And on Tuesday, the bill passed by a vote of 37 to 0, with no one speaking against it.
The legislation now goes to the House of Representatives, where the House Judiciary Committee on Monday recommended passage of companion legislation sponsored by House Judiciary Chairman Robert E. Craven, a North Kingstown Democrat.
According to the National Resource Center on Domestic Violence, 10 to 14 percent of married women in the United States have been raped by their husbands, Euer said.
She said it took until 1993 for all 50 states to recognize marital rape in at least some form as a criminal act, but many states, including Rhode Island, still allow exemptions in situations where the victim is unable to provide consent, such as when the victim is asleep or unconscious, she said.
These kinds of laws are echoes of an outdated idea, found in English law in the 1600s, that marriage conveys irrevocable consent, she said.
“Just as we no longer tolerate onerous laws that treat women as the property of their husbands, we have to eliminate the spousal exemption in our rape law,” Euer said. “Marriage is not giving up the right to your bodily autonomy. Eliminating the spousal exemption is affirming the human rights that belong to every single person.”
On Tuesday, the Senate also voted 37 to 0 for a bill that would set maximum contamination levels of certain “forever chemicals” – per- and polyfluoroalkyl substances (PFAS) – in drinking water and surface water, while also setting standards for PFAS monitoring at landfills.
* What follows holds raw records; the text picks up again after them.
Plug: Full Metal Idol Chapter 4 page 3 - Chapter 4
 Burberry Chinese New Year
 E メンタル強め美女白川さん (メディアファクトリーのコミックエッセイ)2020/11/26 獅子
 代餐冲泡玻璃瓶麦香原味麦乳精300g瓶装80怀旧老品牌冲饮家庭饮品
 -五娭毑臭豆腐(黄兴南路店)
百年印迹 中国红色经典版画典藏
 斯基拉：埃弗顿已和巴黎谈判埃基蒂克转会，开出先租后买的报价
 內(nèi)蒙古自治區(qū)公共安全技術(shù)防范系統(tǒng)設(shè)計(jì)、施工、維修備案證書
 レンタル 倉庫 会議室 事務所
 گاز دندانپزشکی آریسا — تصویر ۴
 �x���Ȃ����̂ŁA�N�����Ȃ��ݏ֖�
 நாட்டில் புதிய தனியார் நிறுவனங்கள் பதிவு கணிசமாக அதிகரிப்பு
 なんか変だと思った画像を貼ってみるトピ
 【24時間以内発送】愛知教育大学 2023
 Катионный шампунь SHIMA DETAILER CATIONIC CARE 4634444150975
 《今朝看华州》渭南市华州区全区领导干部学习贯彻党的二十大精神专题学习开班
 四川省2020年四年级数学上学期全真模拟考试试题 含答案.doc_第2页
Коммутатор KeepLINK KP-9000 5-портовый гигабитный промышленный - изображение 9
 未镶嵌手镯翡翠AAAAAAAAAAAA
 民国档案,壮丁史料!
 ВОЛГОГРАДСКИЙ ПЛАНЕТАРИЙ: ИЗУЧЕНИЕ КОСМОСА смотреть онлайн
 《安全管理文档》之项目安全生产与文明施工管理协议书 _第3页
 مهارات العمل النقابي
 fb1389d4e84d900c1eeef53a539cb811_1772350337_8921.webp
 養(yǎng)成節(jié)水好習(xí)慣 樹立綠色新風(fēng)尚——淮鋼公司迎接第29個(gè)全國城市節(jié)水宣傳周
“It’s a very good environmental bill, it’s a health-conscious bill,” said Senator Walter S. Felag Jr., a Warren Democrat who sponsored the legislation. “It will really assist us in navigating the impacts of these man-made chemicals that were used in industrial and consumer products.”
A total of 18 states have taken similar steps, including most of New England, Felag said. “It’s about time we joined the crowd,” he said.
Massachusetts enacted new safety regulations last fall, and the Globe has reported that 20 percent of public water sources that have done testing report PFAS concentrations above what state regulations allow, prompting some towns there to distribute bottled water or install filtration systems.
The Rhode Island Department of Health is in process of writing PFAS regulations, but Representative June S. Speakman, a Warren Democrat, has said, “My preference is to embed the process in law.” She has introduced legislation along with Felag, saying, “It’s time for Rhode Island to do something.”